◆ **Work request**
Copies of all lines containing the string "Earrings" are needed from the data below.

◆ **Data extracts**
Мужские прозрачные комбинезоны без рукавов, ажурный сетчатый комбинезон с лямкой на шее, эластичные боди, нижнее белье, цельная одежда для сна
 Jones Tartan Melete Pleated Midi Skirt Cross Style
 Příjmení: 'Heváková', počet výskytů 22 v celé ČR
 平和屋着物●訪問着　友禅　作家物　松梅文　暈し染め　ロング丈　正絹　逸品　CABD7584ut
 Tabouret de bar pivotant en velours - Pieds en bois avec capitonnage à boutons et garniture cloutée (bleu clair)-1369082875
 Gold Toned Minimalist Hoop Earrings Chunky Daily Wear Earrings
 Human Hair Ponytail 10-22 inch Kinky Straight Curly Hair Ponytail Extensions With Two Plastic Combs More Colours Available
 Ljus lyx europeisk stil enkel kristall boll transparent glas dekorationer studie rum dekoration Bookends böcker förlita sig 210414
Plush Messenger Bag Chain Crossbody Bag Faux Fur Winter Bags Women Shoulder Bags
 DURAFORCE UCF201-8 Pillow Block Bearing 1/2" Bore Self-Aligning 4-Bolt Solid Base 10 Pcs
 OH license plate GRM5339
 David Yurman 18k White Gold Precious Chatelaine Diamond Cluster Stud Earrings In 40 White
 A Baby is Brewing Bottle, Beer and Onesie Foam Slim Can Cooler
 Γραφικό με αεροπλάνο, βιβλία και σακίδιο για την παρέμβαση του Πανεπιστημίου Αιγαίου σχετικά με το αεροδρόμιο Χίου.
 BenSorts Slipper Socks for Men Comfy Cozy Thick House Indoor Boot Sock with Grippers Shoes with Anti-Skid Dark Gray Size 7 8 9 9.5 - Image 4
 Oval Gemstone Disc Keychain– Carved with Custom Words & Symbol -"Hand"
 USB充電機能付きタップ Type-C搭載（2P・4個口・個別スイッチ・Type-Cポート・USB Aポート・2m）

◆ **Exercise answer**
 Gold Toned Minimalist Hoop Earrings Chunky Daily Wear Earrings
 David Yurman 18k White Gold Precious Chatelaine Diamond Cluster Stud Earrings In 40 White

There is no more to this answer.